• [INSTRUCTIONS FOR THE TASK]:
For this exercise, restate word for word only the lines from the one containing "Clean and disinfect" through the last line below. Pictures do not get copied.

• [AVAILABLE DATA]:
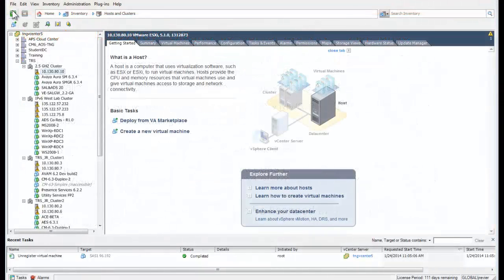I have opened the vSphere client and logged into the vCenter server, which allows for administration of all the hypervisors controlled by this vCenter. The first step is to select the hypervisor where this virtual machine will be installed, indicated on the left.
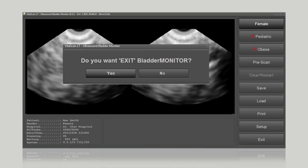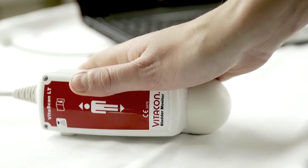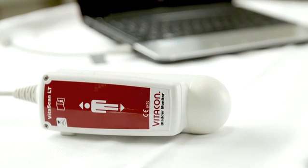Clean and disinfect the probe according to the hospital's guidelines before using it on another patient.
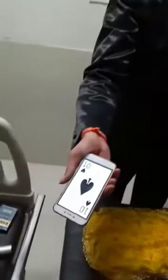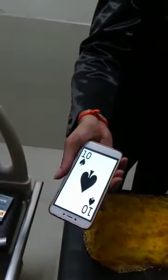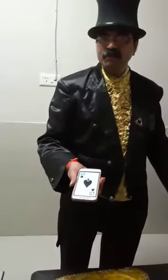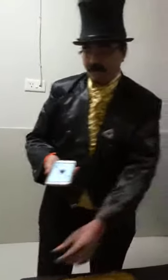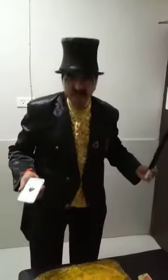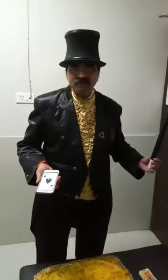And one, two, and three. Just you see — the selected card has come here. The selected card has come. One, two, and three.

• [RESULT]:
Clean and disinfect the probe according to the hospital's guidelines before using it on another patient.
And one, two, and three. Just you see — the selected card has come here. The selected card has come. One, two, and three.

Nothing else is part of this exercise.